Wealth Management: None reported ($0).
Net Worth Waterfall
| Line Item | Amount |
|---|---|
| UFC career fight earnings (disclosed $21.7M + est. PPV points) | +$45M |
| Pre-UFC regional career earnings | +$0.2M |
| Endorsements and appearance fees (career) | +$23.5M |
| Less: representation (5% blended, family-managed model) | -$3.5M |
| Less: tax (18% effective, Russia flat rate + US withholding credit) | -$11.7M |
| Less: lifestyle burn (17 years, modest Dagestani lifestyle) | -$8.5M |
| Real estate appreciation | $0 |
| Business assets (Eagle FC, gyms, Gameplan – no anchor) | $0 |
| Wealth Management | $0 |
| Total Net Worth | ~$45M -> $50M |
Our calculation: $50 Million.
Why Our Figure Is Higher Than Consensus
Celebrity Net Worth places Khabib at $25M. Our independent build produces $50M. The entire gap is the PPV participation income that CNW’s disclosed-purse-only approach misses. CNW cites $14.7M in total UFC career earnings – the disclosed commission figures. Our figure of $45M in true fight income adds the estimated PPV backend for Khabib’s three highest-profile fights: the McGregor bout (2.4M buys, $86.4M revenue), the Gaethje retirement fight (1.3M buys, substantial revenue), and the Poirier defense. At standard champion-level PPV participation rates, those three events alone add approximately $15-20M beyond the disclosed purses. The tax picture also works strongly in Khabib’s favor: Russia’s 13% flat income tax is the lowest rate in this database for any active high-earner, meaning he retained a far higher proportion of his earnings than a comparable fighter based in the US or UK. The low representation cost under the family management model adds further efficiency. The result is a post-tax accumulation base of approximately $45M from a career that generated $68.7M in gross income – a retention rate that almost no athlete at his level matches.

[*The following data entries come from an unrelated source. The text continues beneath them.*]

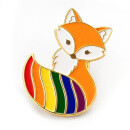 Fuchs Orange mit Regenbogen Schwanz Pin Basis Goldfarben...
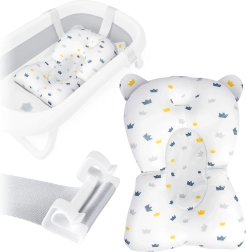 RICOKIDS-Badewannenkissen für Babys – schnell trocknende ergonomische Einlage, weiß‑blau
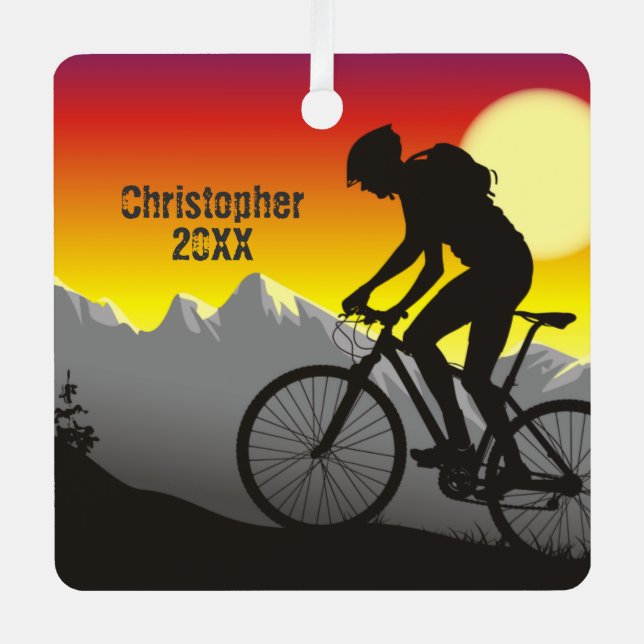 Personalized Mountain Bike Biking Christmas Metal Ornament (Front)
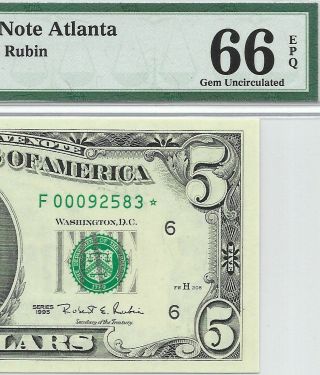 1995 $5 Atlanta Rare Star ⭐️ Frn Pmg Gem Uncirculated 66 Epq Banknote Low Sn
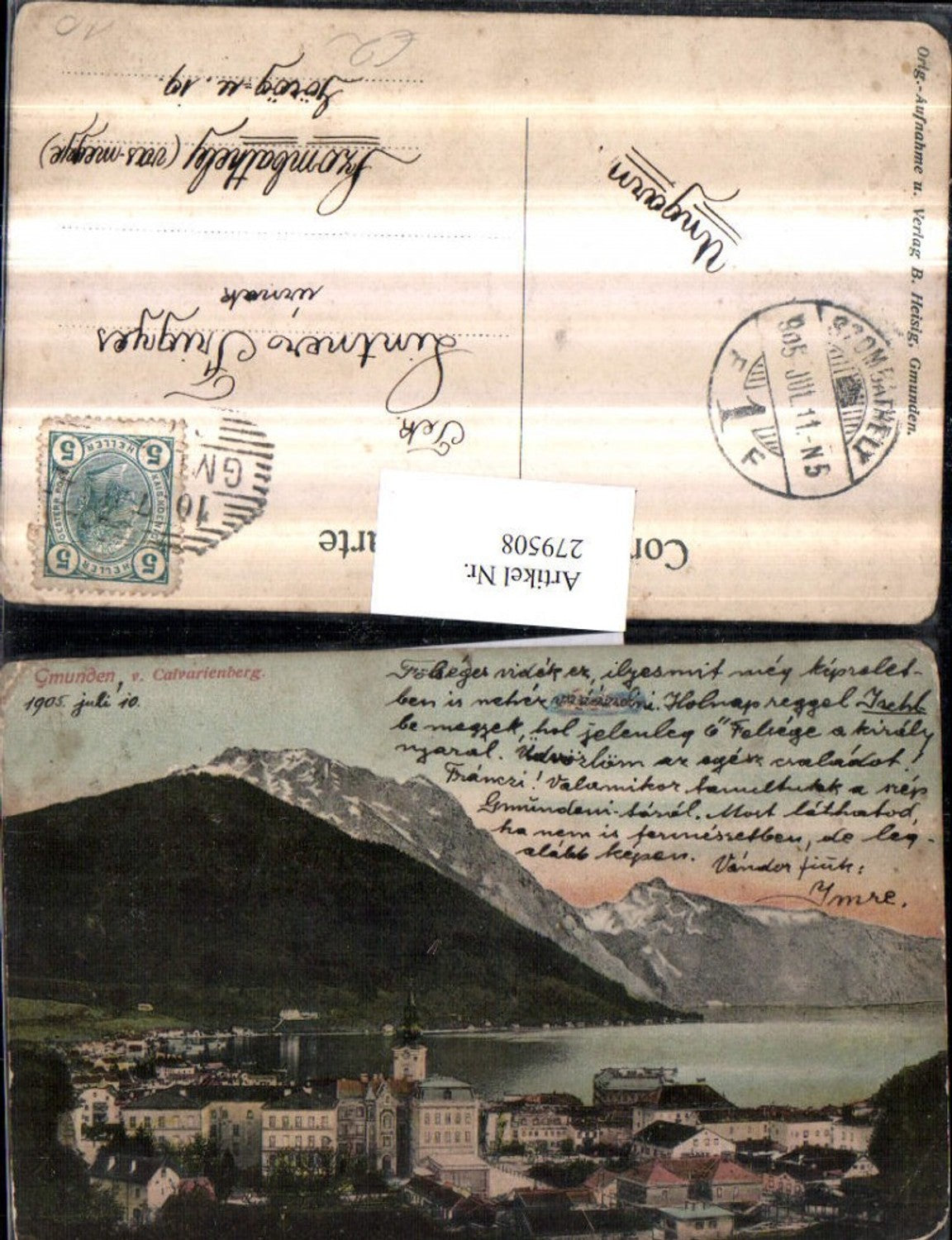 279508,Gmunden Totale vom Kalvarienberg Bergkulisse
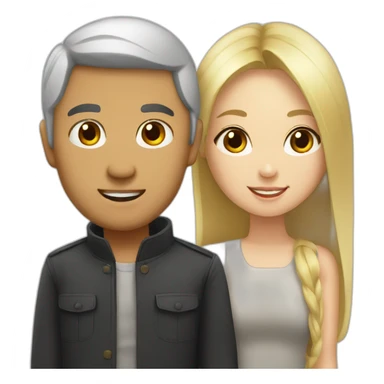 Asian man and blonde girl sticker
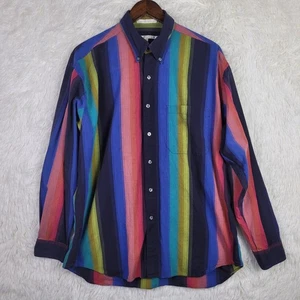 Vtg Lg Perry Ellis Rainbow Stripe Button Down Shirt USA 90s 80s - Picture 1 of 7
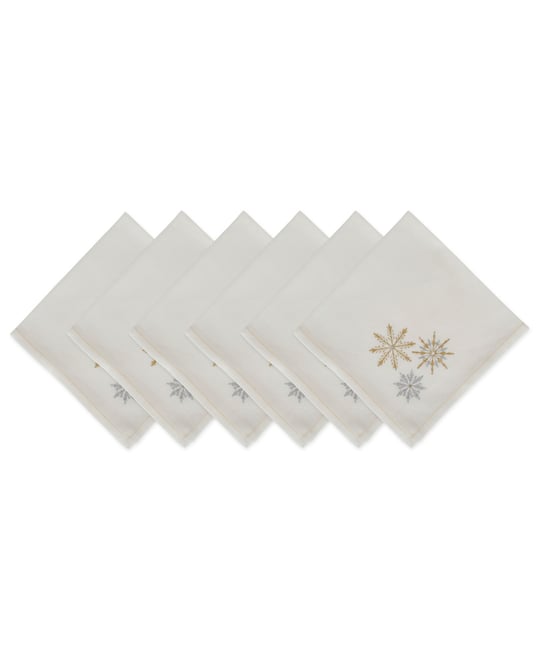 12 Christmas Snowflake Cloth Napkin Set White Silver Shimmer Gray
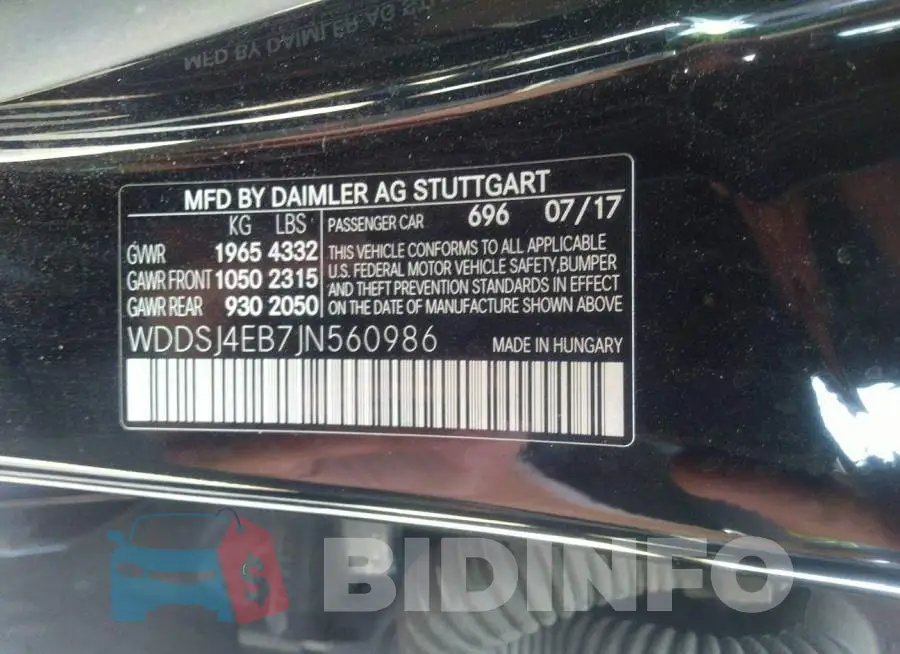 WDDSJ4EB7JN560986 Photo# 9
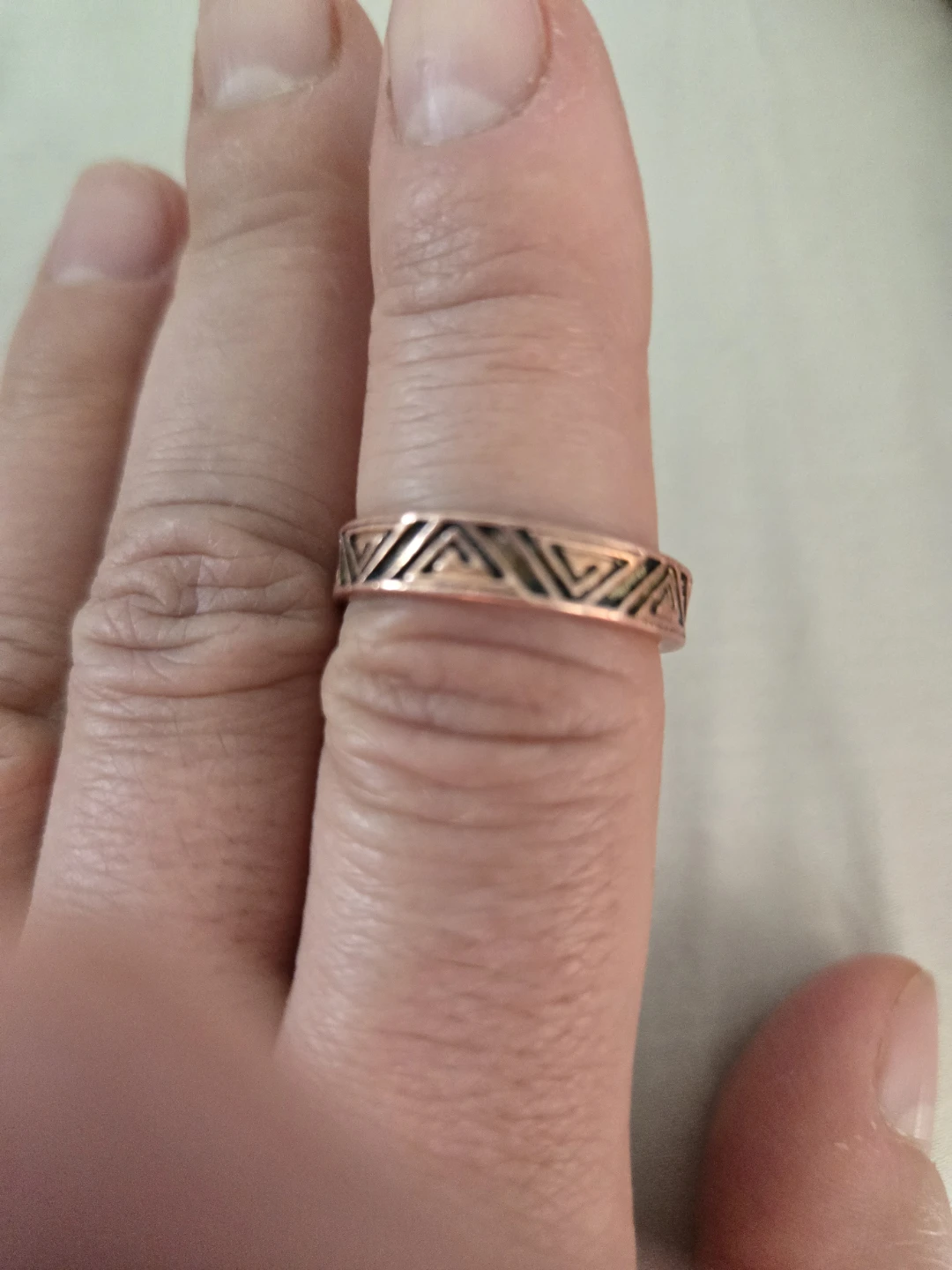 Copper Geometric Pattern Ring size 9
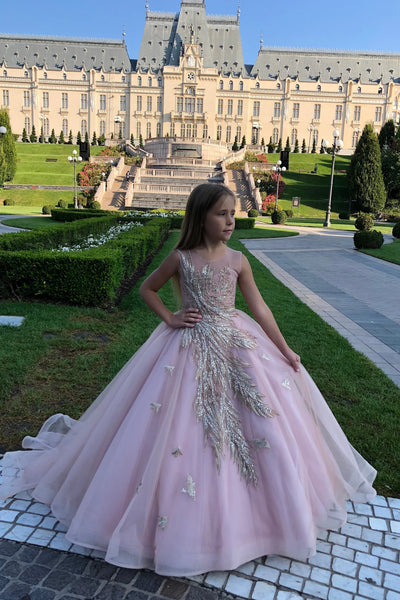 Couture Lace Tulle Flower Girl Pageant Photo Shoot Special Occasion Dress
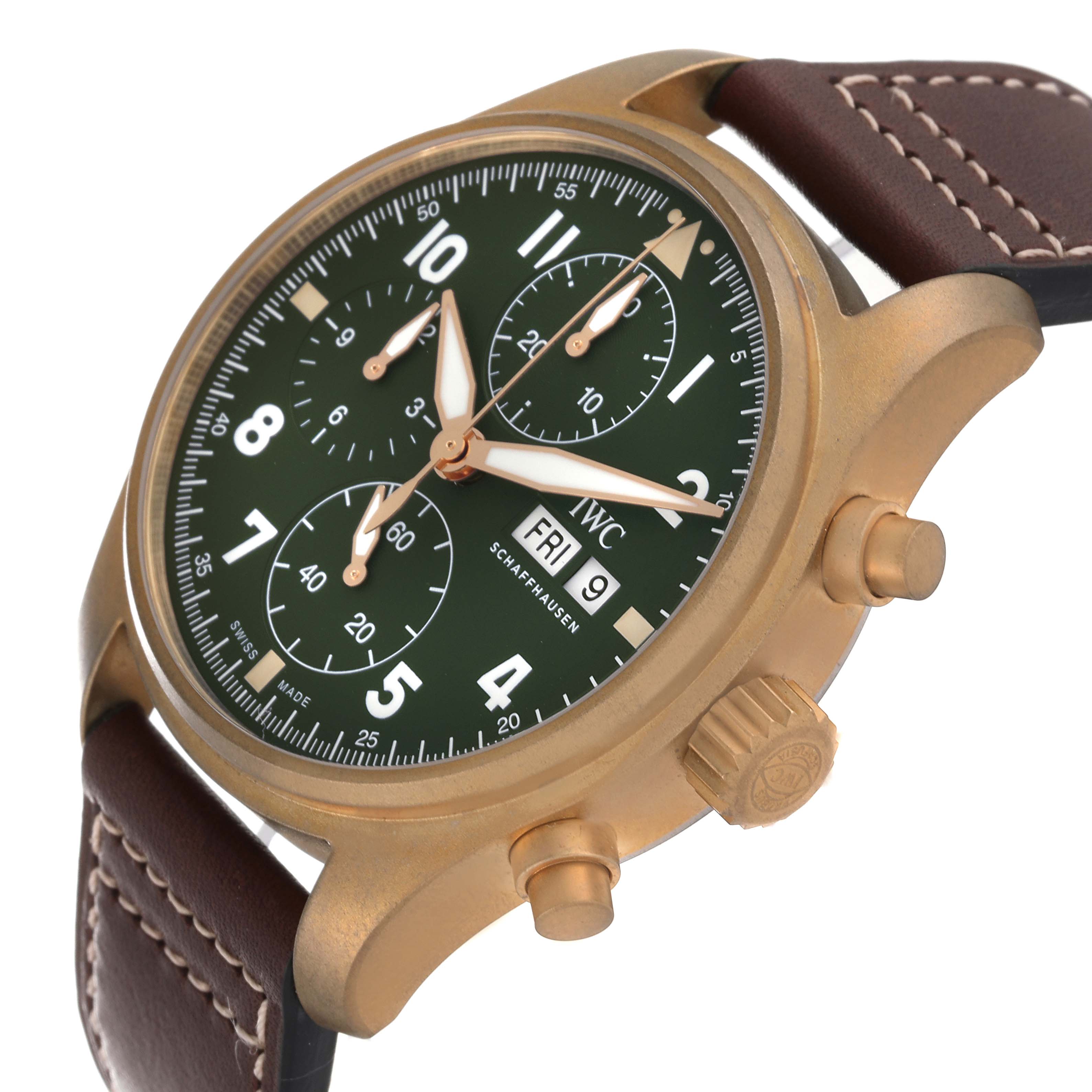 This image shows an angled view of an IWC Pilot IW387902 Men's Bronze Green Dial IW387902 Men's Bronze Green Dial watch, revealing the face, crown, pushers, and part of the leather strap.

The Most Underpaid Superstar in Combat Sports
The McGregor fight generated $86.4M in pay-per-view revenue. Khabib’s disclosed purse was $2M. Even accounting for PPV participation points and bonuses, he likely took home $8-10M from the most watched MMA event in history – a fraction of what a comparable boxing champion would have earned for a fight of that commercial scale. Floyd Mayweather earned $250M for a single night against Manny Pacquiao in 2015. Canelo Alvarez earned $100M for a single fight in 2025. Khabib Nurmagomedov retired as the undisputed greatest lightweight of all time with $50M – built not from what the sport paid him but from what Russia’s 13% tax rate and a family-managed career allowed him to keep. He is the clearest example in this database of an athlete whose financial outcome was shaped more by cost efficiency than by the scale of his income. He spent almost nothing, paid almost no tax relative to earnings, and walked away with most of what he made.